The outlook for financing remains unclear. But Chris Beadles, senior analyst at IHS Markit, says an anticipated decline in wholesale power prices and renewable energy certificate (REC) prices could pose challenges.
“The REC price is already down 70% over the last three years and wholesale power prices are expected to fall, due to declining gas prices and future baseload capacity,” he explains, noting that the regional development agency and private companies will likely set up a special purpose company to finance the project.
Stakeholder engagement will also be a challenge, as with all offshore projects.

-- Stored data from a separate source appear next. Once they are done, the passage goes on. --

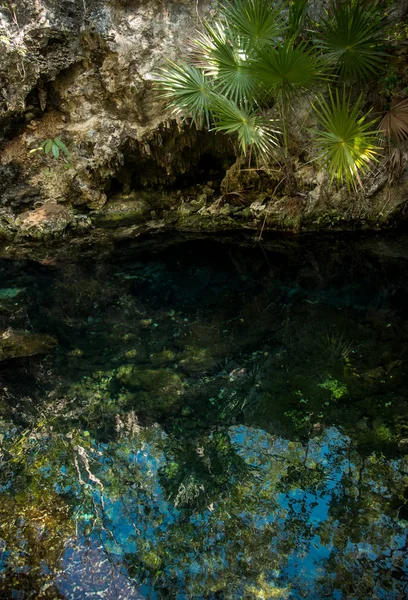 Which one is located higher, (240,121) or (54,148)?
(240,121)

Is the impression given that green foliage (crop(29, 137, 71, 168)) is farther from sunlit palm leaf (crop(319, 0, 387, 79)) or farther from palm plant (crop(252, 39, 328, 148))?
sunlit palm leaf (crop(319, 0, 387, 79))

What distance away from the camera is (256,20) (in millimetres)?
5883

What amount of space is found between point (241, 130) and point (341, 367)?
138 inches

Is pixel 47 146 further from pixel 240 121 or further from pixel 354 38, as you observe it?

The Saemangeum Seawall, completed in 2010, has always been environmentally controversial, and there is an ongoing campaign to nominate the western tidal flats as a UNESCO World Heritage site.
“Acceptance of residents is probably the most demanding challenge. There are many misunderstandings of floating PV, such as water pollution,” says Park, adding that overcoming this is “the most difficult challenge.”

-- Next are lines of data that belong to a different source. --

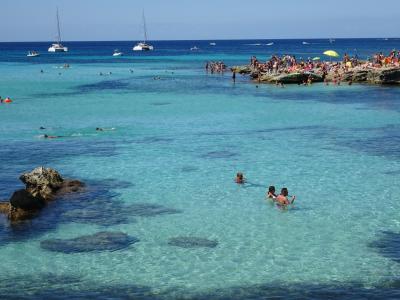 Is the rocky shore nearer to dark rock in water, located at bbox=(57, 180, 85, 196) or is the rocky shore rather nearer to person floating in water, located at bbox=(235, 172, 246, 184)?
person floating in water, located at bbox=(235, 172, 246, 184)

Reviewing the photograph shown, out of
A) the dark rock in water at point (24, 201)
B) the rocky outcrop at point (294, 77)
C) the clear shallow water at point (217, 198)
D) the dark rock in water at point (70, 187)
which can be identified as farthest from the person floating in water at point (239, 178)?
the rocky outcrop at point (294, 77)

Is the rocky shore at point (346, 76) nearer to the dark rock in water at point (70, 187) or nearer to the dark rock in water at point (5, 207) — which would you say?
the dark rock in water at point (70, 187)

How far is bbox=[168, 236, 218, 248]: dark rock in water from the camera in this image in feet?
51.5

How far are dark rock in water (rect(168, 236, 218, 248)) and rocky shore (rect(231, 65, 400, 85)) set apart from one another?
4972 cm

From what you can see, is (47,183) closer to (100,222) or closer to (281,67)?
(100,222)

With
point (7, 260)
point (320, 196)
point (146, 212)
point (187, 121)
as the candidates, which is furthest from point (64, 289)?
point (187, 121)

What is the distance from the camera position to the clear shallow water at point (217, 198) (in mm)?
13453

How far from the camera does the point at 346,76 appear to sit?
2544 inches

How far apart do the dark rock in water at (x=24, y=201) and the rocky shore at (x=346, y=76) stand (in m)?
49.0

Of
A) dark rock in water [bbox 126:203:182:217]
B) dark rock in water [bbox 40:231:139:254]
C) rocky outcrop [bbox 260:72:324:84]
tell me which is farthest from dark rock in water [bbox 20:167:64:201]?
rocky outcrop [bbox 260:72:324:84]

In September, Kyocera TCL Solar’s 13.7 MW floating array at the Yamakura Dam in Japan was destroyed by a typhoon. Japan’s Ministry of Economy, Trade and Industry (METI) drew several broad conclusions about the accident in an investigation that could prove useful for Korean developers. Among its findings, METI said floating PV plants must adhere to regional codes on wind load, as with all such structures, while noting the lack of a floating-specific structural code.
The main cause of the Yamakura accident was anchor failure, and the critical relationship between water levels and mooring line tension. These are points the developers will need to consider, in addition to the challenge of anchoring in the soft, muddy seabed of Korea’s west coast.
“In the offshore environment, factors such as module degradation, system performance and reliability, as well as capex and opex figures, will be crucial to understand,” adds Cox. “[We] will learn a lot from this project.”